For Sun: I'd love for them to come up with a unified business and marketing plan, and stick to it. They have a marvelous suite of products, filled with potential; however, poor marketing and occasional shoddy construction mangle it in the field for the low- to mid-range markets. With a decent business plan and more cohesive price structures, they could easily go head-to-head with their competition...including the other four-hundred pound gorillas, Microsoft and IBM. It would also free them from paying unnecessary attention to small fry.

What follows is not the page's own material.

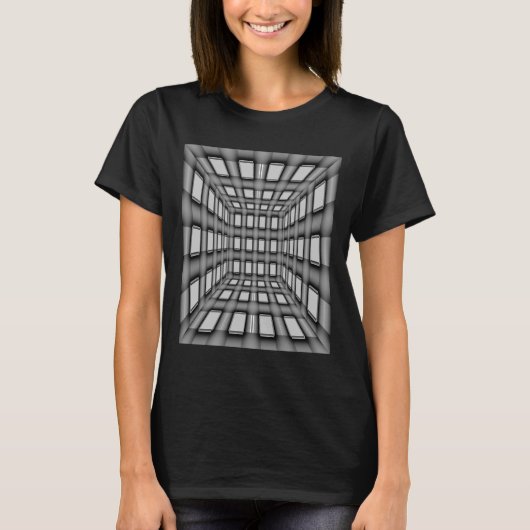 3D-structuur T-shirt (Voorkant)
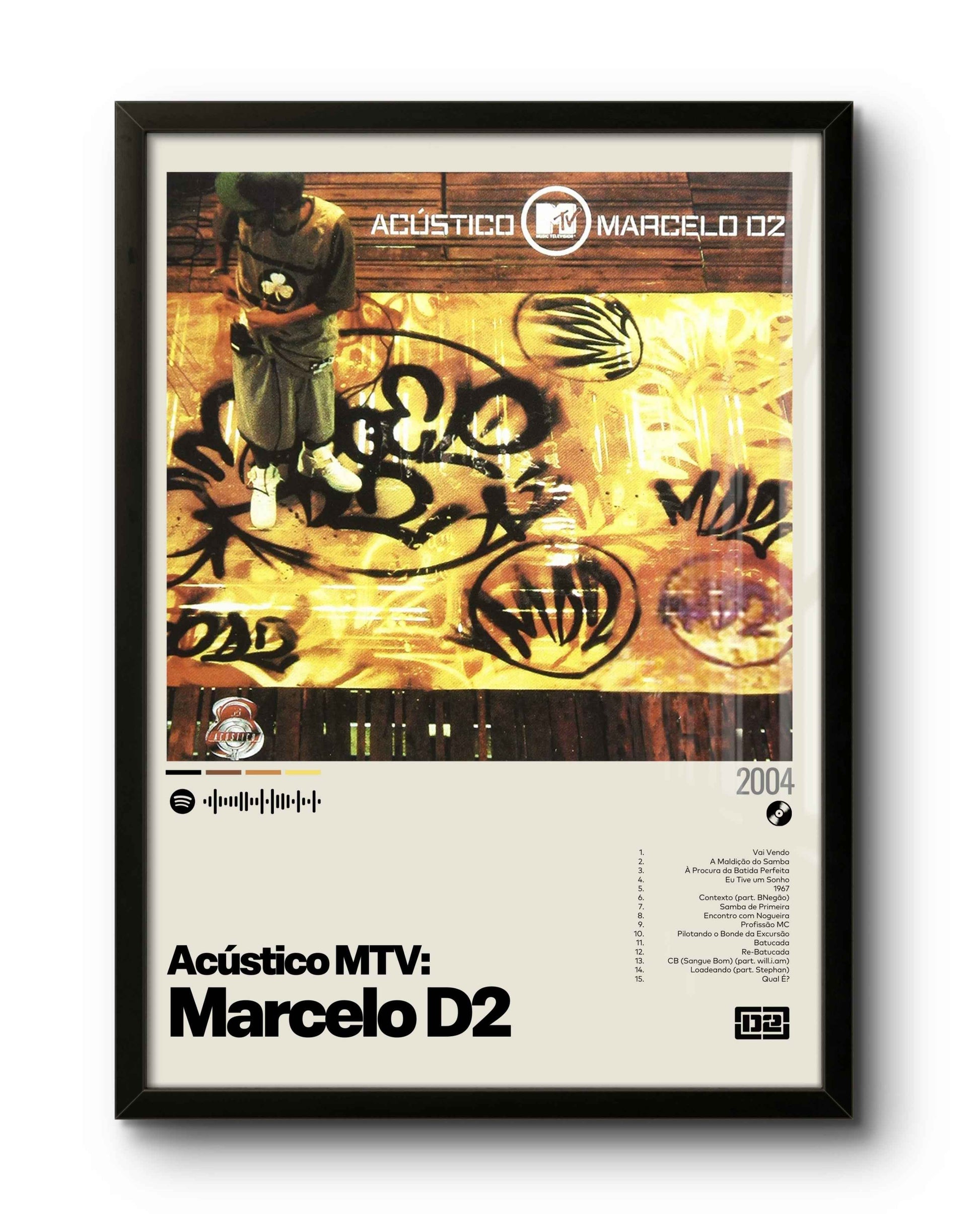 Quadro: Acústico MTV (2004) por Marcelo D2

For JBoss: Patience! JBoss Group is a bunch of techies; hard-core programmers who maintain their reputation by being crusty, demanding, and hard to deal with. A lot of people lambaste them for it, while not realizing that when it gets down to brass tacks, these are exactly the sort of personalities you want running the trains, as opposed to a lot of feel-good marketers who don't know what they're talking about.
For Apache: I hope your endless confusion about what the world needs in components becomes clear. Perhaps you could do some of the clarification yourselves. Some of the stuff hosted by Jakarta is really useful; a lot of it is worth the derision that occasionally gets thrown at it by the monkeys.
For Microsoft: My fondest wish for these guys is that someone - anyone - would drop by and teach them something - anything - about security besides how to expose data unwillingly again and again and again and again. I have to hand it to Microsoft: they're great at protecting most of their own data while providing the means to expose virtually everyone else's stuff. I'm glad I rarely use Windows, even though I think it has a very acceptable user interface. My next wish for Microsoft would be that they'd realize how much fun it can be to try to dominate through technical prowess, instead of through marketing gimmicks and stupid advertising campaigns. That stupid MSN butterfly costume has to be one of the scariest ad campaigns ever - because my fear is that they expected people to take it seriously. Compounding that fear is the thought that people might have fulfilled that expectation.
For specification writers everywhere: I would put forth hope that they realize that, while surely not being mortal themselves, those who use their specifications most likely are fallible humans, and that their specifications are written with implementors and users in mind. Sometimes I think this is the crucial flaw in the JCP - with the apparent attitude repaired, all other failures could be forgiven and rectified in time.
For JDJ: I hope we can continue to inform and focus the Java community, such that it is, for the betterment of all.
For application vendors not necessarily in the Java space: I would love to see clues about Java's speed, reliability, and ease of use descend upon them like manna from above. I've been using a "less-supported" platform recently, and I'd like nothing better than to see common applications that I'd rely on written in Java so I could use them. What would be the icing on this particular cake is if some as-yet-unnamed vendor provided assistance - for a small fee, of course - to help make this happen.
For you: I wish for you all peace, love, a Coke, and a smile.
For myself: I wish I didn't keep mixing my similes. I want the best possible world for my children, health and happiness for my family, a happy working environment, enough freedom to do as I please while harming no one else, and enough room to crank up the volume every now and then without annoying the neighbors too much.
Joseph Ottinger is a consultant with Fusion Alliance (www.fusionalliance.com) and is a frequent contributor to open source projects in a number of capacities. Joe is also the acting chairman of the JDJ Editorial Advisory Board.